REALISATEUR & SCENARISTE
Jesus « Jess » Franco (sous le pseudonyme Franco Manera)
DISTRIBUTION
Soledad Miranda, Ewa Stromberg, Dennis Price, Paul Muller…
INFOS
Long métrage allemand/espagnol
Genre : horreur/érotique
Titre original : Vampyros Lesbos
Année de production : 1971
« Même dans les films les plus merdiques de Jess Franco, il y a au moins une scène sublime ! », a dit un jour le comédien Howard Vernon, vieux routier de la série Z, éternel abonné aux rôles de méchants et l’un des acteurs fétiches du maître espagnol de l’Euro Horror. Le bonhomme n’avait certainement pas vu tous les films de Franco (je doute de la santé mentale de celui qui tenterait un jour cette expérience), mais en ce qui concerne Vampiros Lesbos, le qualificatif « sublime » revient à la magnifique Soledad Miranda, qui incarne l’Impératrice de la Nuit (et pas que puisqu’elle peut se promener en plein jour…idéal pour se prélasser à poil sur la plage), la comtesse Nadine Karody.
Actrice et chanteuse pop, l’espagnole Soledad Miranda fut la muse de Jess Franco qui la fit tourner dans sept films en 1969 et 1970 pour lesquels elle prit le pseudonyme de Susan Korday, compte tenu de la nature érotique de ces longs métrages. En 1970, elle a eu l’opportunité de signer un important contrat, mais un tragique accident de voiture en décida autrement. Soledad Miranda est morte prématurément à l’âge de 27 ans et les films qu’elle tourna sous la direction de Jess Franco sortirent à titre posthume, des Nuits de Dracula en 1970 à Eugénie (d’après le Marquis de Sade) en 1973.
Un an après avoir signé une adaptation du Dracula de Bram Stoker avec le médiocre Les Nuits de Dracula, Jess Franco en livrait une déclinaison saphique avec Vampiros Lesbos, dont chaque acteur de l’histoire peut être vu comme une déclinaison d’un personnage du classique de Stoker (il y a une Lucy, un Harker, un Renfield, un Seward…).
Le scénario (décousu) suit les pas de Linda, la représentante d’un cabinet juridique qui se rend à Istanbul pour régler l’héritage d’une comtesse italienne. Ses rêves sont hantés par une mystérieuse et séduisante femme brune qui ne cesse de l’appeler. Quand Linda rencontre la comtesse, elle réalise qu’elle est la même femme qui lui apparaît dans ses nuits troublées.
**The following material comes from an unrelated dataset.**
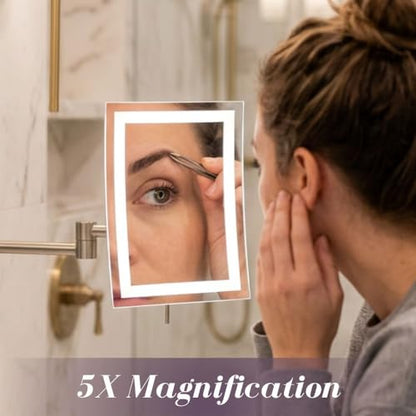 JERDON Hardwired Wall-Mount Makeup Mirror - 5X/1X - Nickel - JRT710NLD | 6.5" x 9" Rectangular Frame, LED Lighting, Direct Wire Install - color: Nickel Direct Wire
La belle Linda est séduite par la troublante comtesse, qui a soif de son corps et de son sang…et aussi de son âme…
D’une beauté envoûtante, la comtesse Karody, puissante et manipulatrice, au regard hanté et triste, est l’exact opposé de la blonde Linda (la suédoise Ewa Stromberg, une autre comédienne vue dans les Franco des années 60/70), frustrée par sa vie de couple, intriguée et tentée par la vampire avec qui elle s’engage dans un jeu de volonté et de séduction mortelle. Face à ces deux femmes, dont la puissance érotique électrise l’écran (il faut dire que Franco ne se gêne pas pour les filmer sous toutes les coutures), les hommes ne sont que de simples pions.
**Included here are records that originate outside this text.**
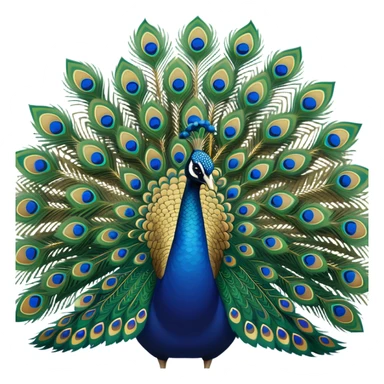A colorful peacock with a large, fan-like tail displaying vibrant shades of blue, green, and gold. Its elegant feathers are spread in a beautiful display, showcasing intricate patterns sticker
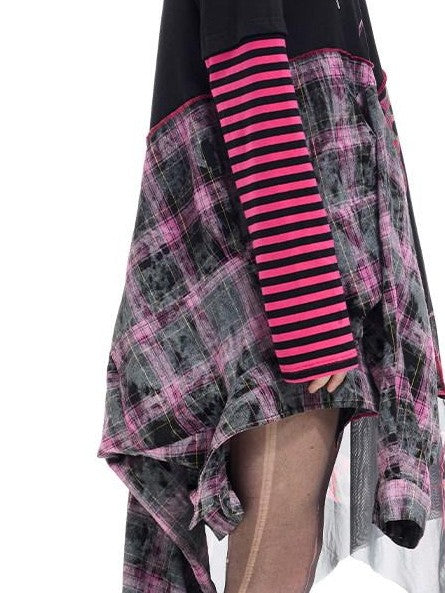 PINKSPINK Black Reworked Stripe T Mesh Irregular Women's Cotton Casual Midi Dresses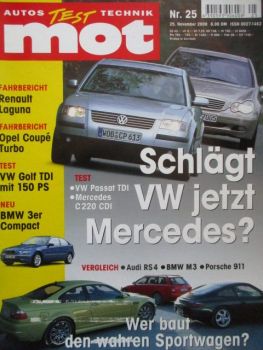 mot 25/2000 Audi RS4 vs. BMW M3 E46 vs. 911Carrera,Golf4 TDI 4Motion(150ps),Opel Coupé turbo 2.0 16V,RAV4 Special 2.0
Le rythme très particulier, la musique (même si elle est terriblement datée), les visuels psychédéliques et l’atmosphère onirique sont, dans les meilleurs passages, presque hypnotiques.
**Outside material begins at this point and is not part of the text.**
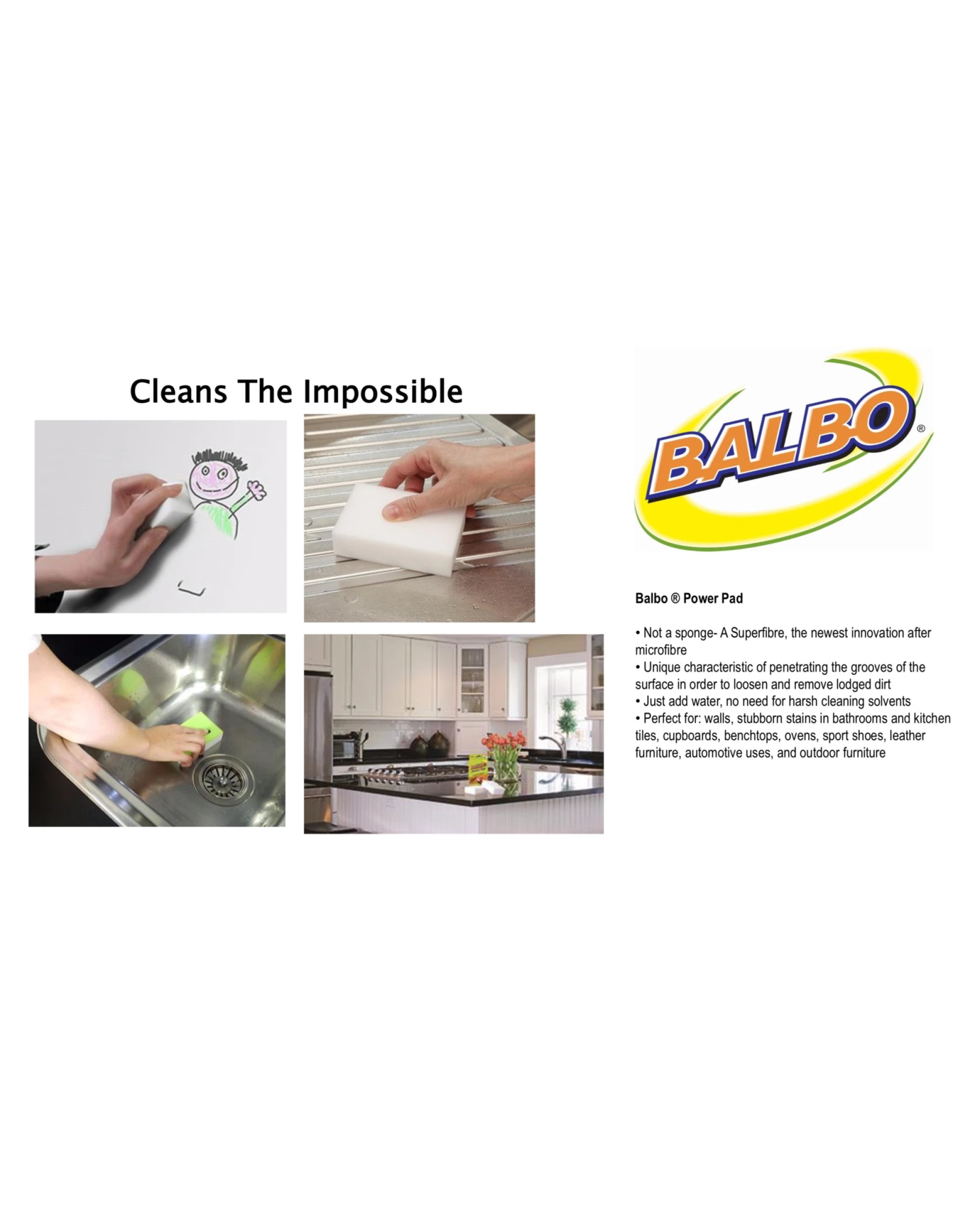 4 Balbo 4 Pack Cleaning Pad Eraser Sponge, 4 of 4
Mais nous sommes dans un film de Jess Franco et comme souvent, la réalisation est aussi bizarre que les univers qu’il filme : les plans sont hasardeux, les cadrages sont foireux, la photo est parfois floue, le montage est elliptique…
Malgré les nombreux défauts de la mise en scène, certaines scènes sont étrangement belles (comme le numéro de strip-tease de la comtesse). Franco larde également son métrage d’inserts hallucinatoires, via les images symboliques (autant que maladroites) du scorpion, du papillon et de l’oiseau.
L’interprétation est le plus souvent lamentable (le vénérable Dennis Price, qui joua avec Sir Alec Guinness dans Noblesse Oblige et qui incarne ici le Dr Seward, n’est là que pour payer ses factures à un moment où sa carrière était au plus bas…et Jess Franco, qui s’est comme à son habitude donné un petit rôle, est un comédien exécrable), mais les acteurs secondaires sont de toute façon éclipsés par Soledad Miranda et Ewa Stromberg, les beautés sensuelles de cette rêverie lesbienne, cauchemardesque et confuse.